From looking at Nickelsen’s drawings there is no doubt that she has mastered the technique of capturing realism through colored pencil. However, her technique is harder to discern through looking at the drawings on their own. A main feature of Nickelsen’s technique is her usage of solvents (she uses Gamblin Gamsol odorless mineral spirits in between several layers of colored pencil), to blend the pencil markings into a uniform surface of solid color. The individual colored pencil strokes are no longer visible, making her work seem much like a painting rather than a drawing. The conventional methods of using a blender pencil or the white colored pencil to blend can leave your drawing too waxy or leave your colors muddled by the white. While Nickelsen does describe the traditional techniques as well, she ties everything together and discusses the specific reasons and situations where you would use one method over another.

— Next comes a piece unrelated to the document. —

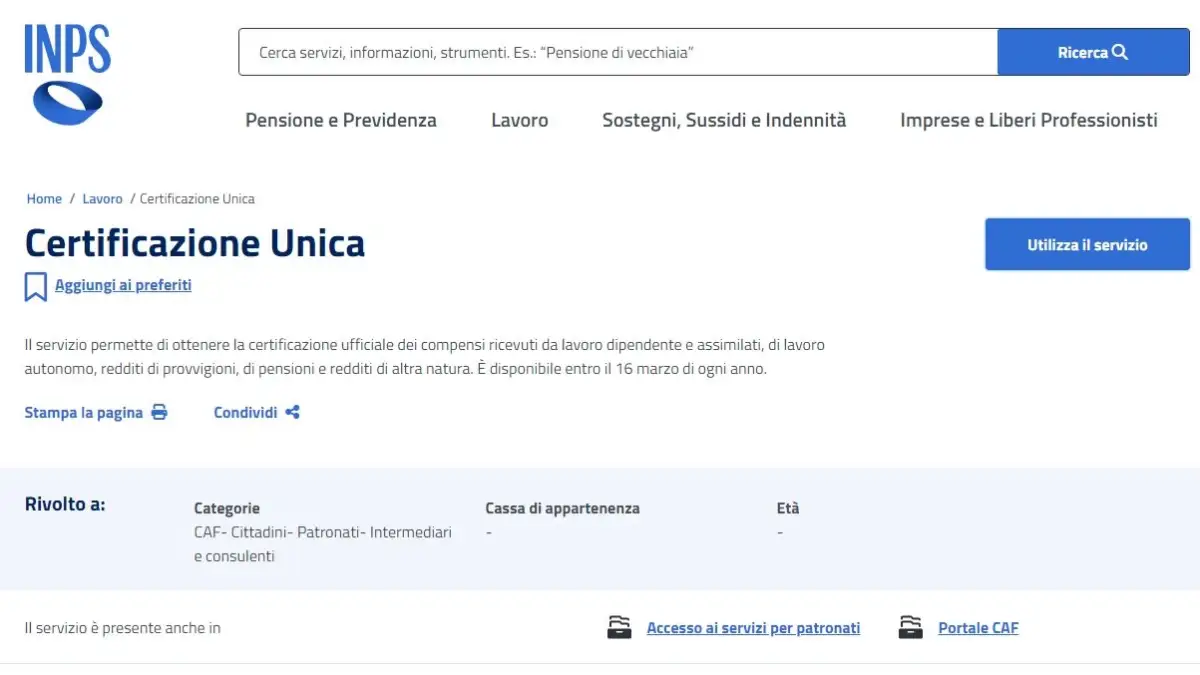 INPS, RILASCIATA CERTIFICAZIONE UNICA 2024. DOCUMENTO ACCESSIBILE DA CANALI DIGITALI E TRADIZIONALI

Another aspect of the book that I really enjoyed is how she gives a very good overview of the colored pencil field in general. She mentions CPSA in the introduction of the book and there is a foreword by Vera Curnow, founder of CPSA, which could be very interesting information for the emerging artist. She discusses the newest available technologies, such as Ester Roi’s warm/cool Icarus Drawing Board. She also integrates digital photography and Photoshop to a lot of the demonstrations she has in the book, discussing how she uses her digital camera to take pictures across many photo sessions, carefully altering the composition and the lighting until she gets the perfect shot. She then uses many Photoshop tools to help her to see the outlines and colors in the reference photo. Whether or not one agrees, digital photography and Photoshop have inevitably entered the art space and is part of the art-making process, and it is refreshing to see those technologies integrated into a how-to art book.

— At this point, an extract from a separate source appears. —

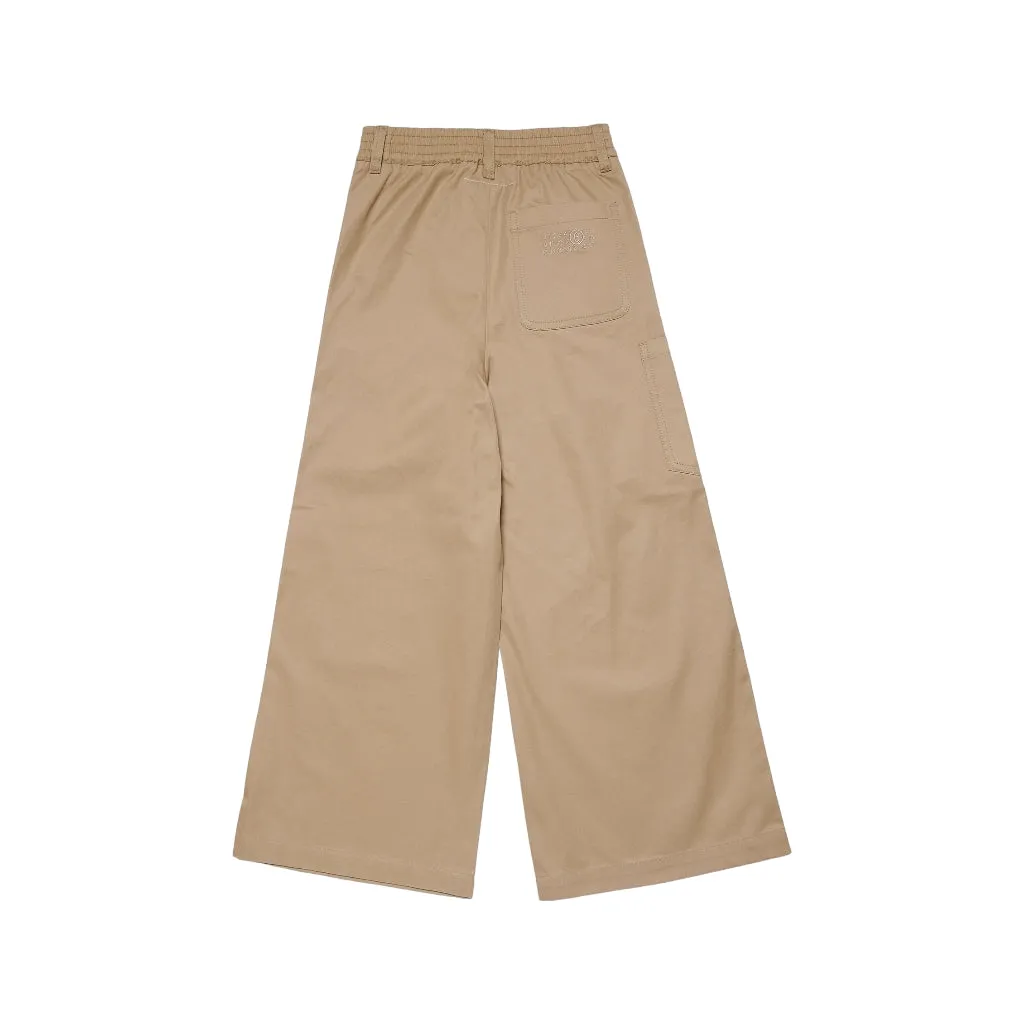 MM6 Kids Logo Embroidered Wide Leg Chinos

Nickelsen goes beyond discussing the techniques for applying pencil to paper, but also she talks about her learning process, such as keeping notes on swatches of color for future reference. She discusses different techniques for rendering the unique surfaces that one might encounter in a still life, such as grass, leaves, different types of flowers, water, crystal, ice, wood, fabric, etc., giving the reader enough details to encounter different situations that may arise, but also encouraging them to create their own compositions.
When you look at the full-color drawings in the book, a lot of which are true to life size, you are even more amazed when you learn that Nickelsen has only devoted herself to colored pencil art in the last few years. According to an article published in American Artist in March 2007, Nickelsen is mostly self-taught, and started using colored pencils in 2002. Since then, she has won numerous awards and garnered a lot of attention. That is great inspiration to any aspiring colored pencil artist, demonstrating that success can be achieved depending on how much effort and passion you are willing to put into it.